Collected data entries:
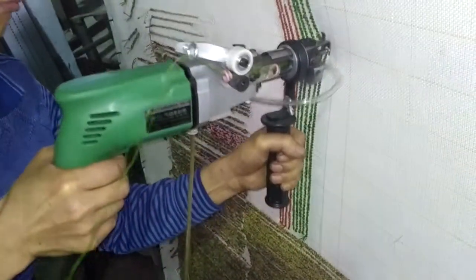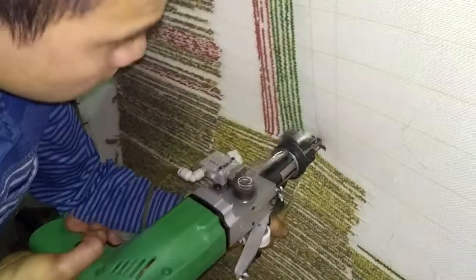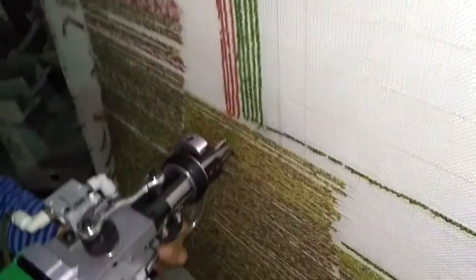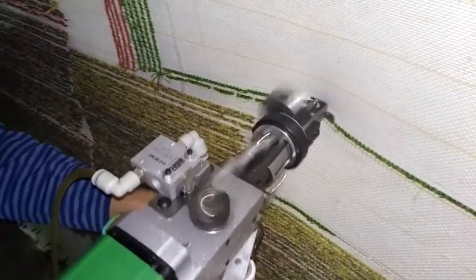I'm going to use the same type of tape to make sure that I can use it properly.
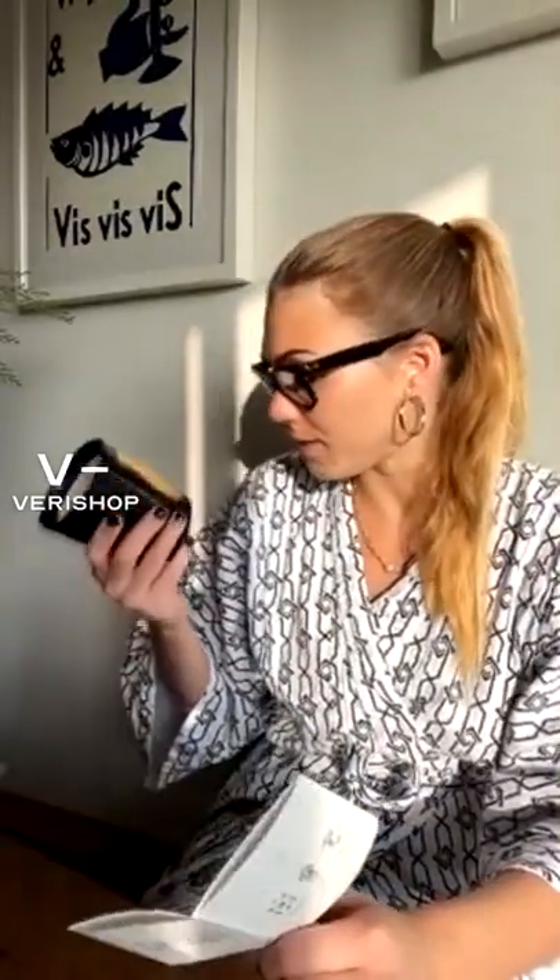Always protect the surface on which the candle rests with a coaster or a plate. I'm so obsessed with how this looks and smells — I wish you could capture the blue of the glass better, it's quite nice. Do not burn your candle all the way down — always leave at least five millimeters of non-molten wax at the bottom. Once you get to that five millimeters, looks like you'll have to get another Cire Trudon.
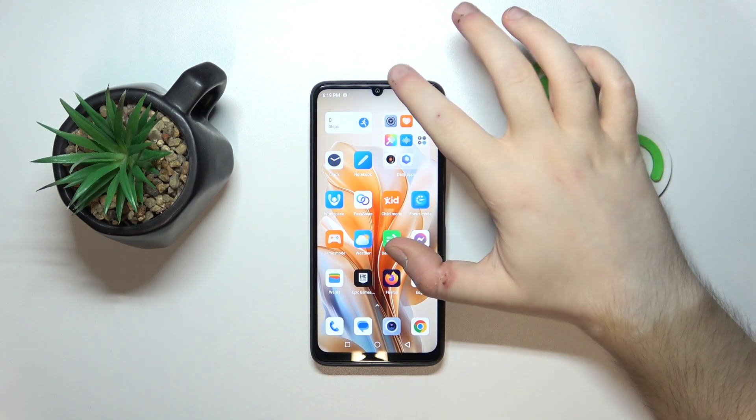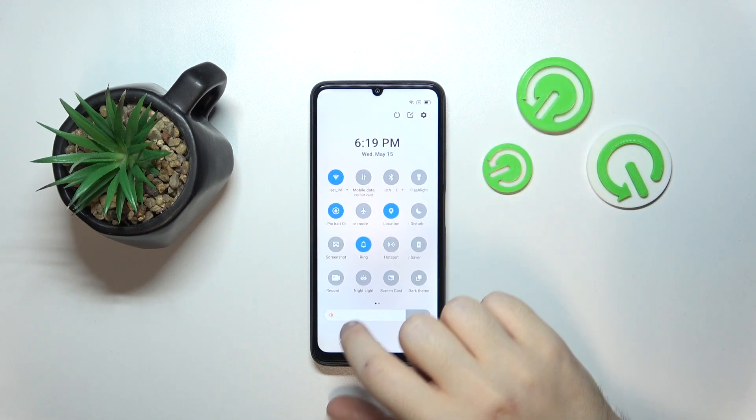So you have to start by swiping down on your screen, then do this motion again, and right here there is the screen recorder button.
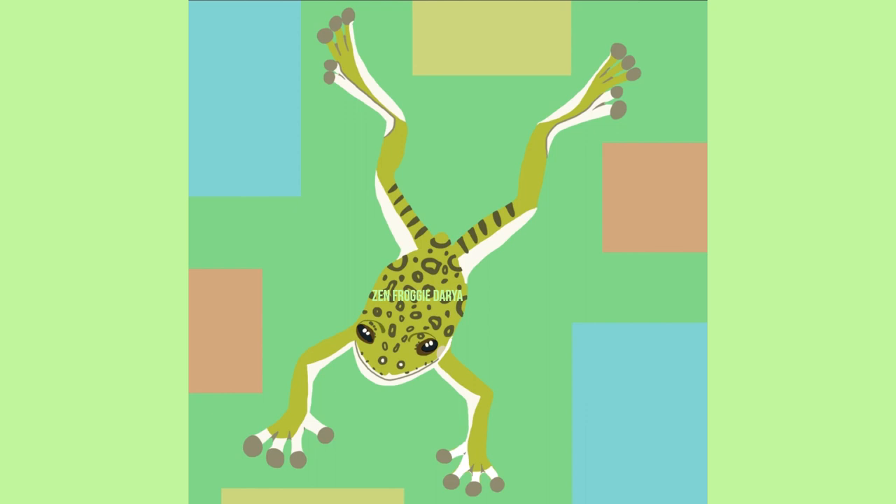Leave a comment or hop on those like and subscribe buttons if you would like to see me paint another frog. Which frog would you like to see? Until next time, froggies!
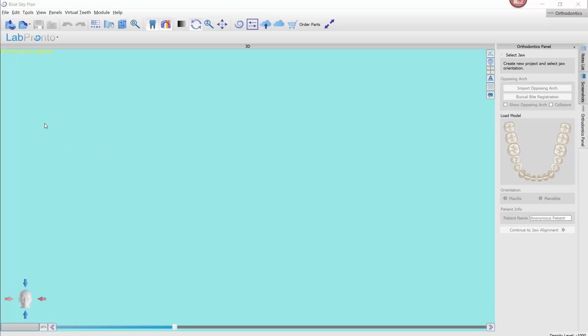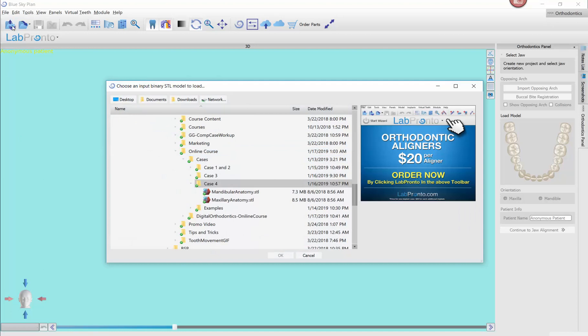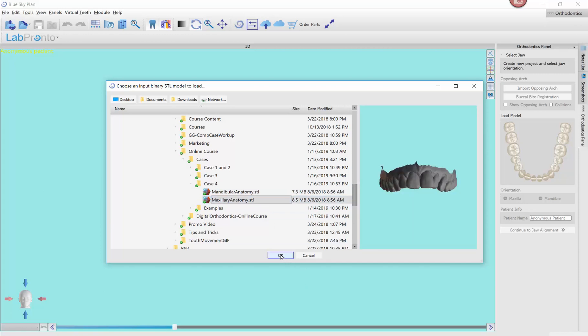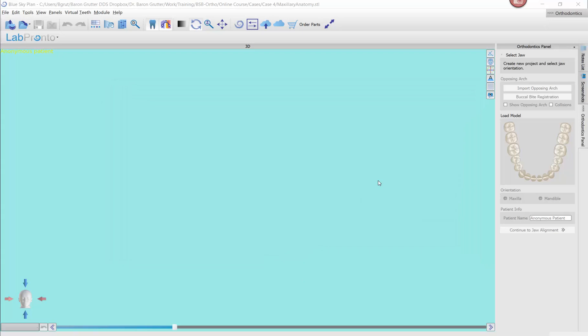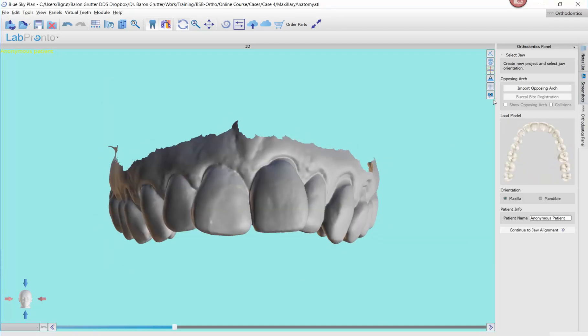Let me show you how this works. You've already seen the step of opening a case, but I'll repeat it. We've clicked on New Project. We're going to go ahead and click on the maxillary arch first. Bring in the maxilla first, then bring in the opposing.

## [Work order]
Would you write out each entry word for word and omit the images?

## [Result of the exercise]
I'm going to use the same type of tape to make sure that I can use it properly.
Always protect the surface on which the candle rests with a coaster or a plate. I'm so obsessed with how this looks and smells — I wish you could capture the blue of the glass better, it's quite nice. Do not burn your candle all the way down — always leave at least five millimeters of non-molten wax at the bottom. Once you get to that five millimeters, looks like you'll have to get another Cire Trudon.
So you have to start by swiping down on your screen, then do this motion again, and right here there is the screen recorder button.
Leave a comment or hop on those like and subscribe buttons if you would like to see me paint another frog. Which frog would you like to see? Until next time, froggies!
Let me show you how this works. You've already seen the step of opening a case, but I'll repeat it. We've clicked on New Project. We're going to go ahead and click on the maxillary arch first. Bring in the maxilla first, then bring in the opposing.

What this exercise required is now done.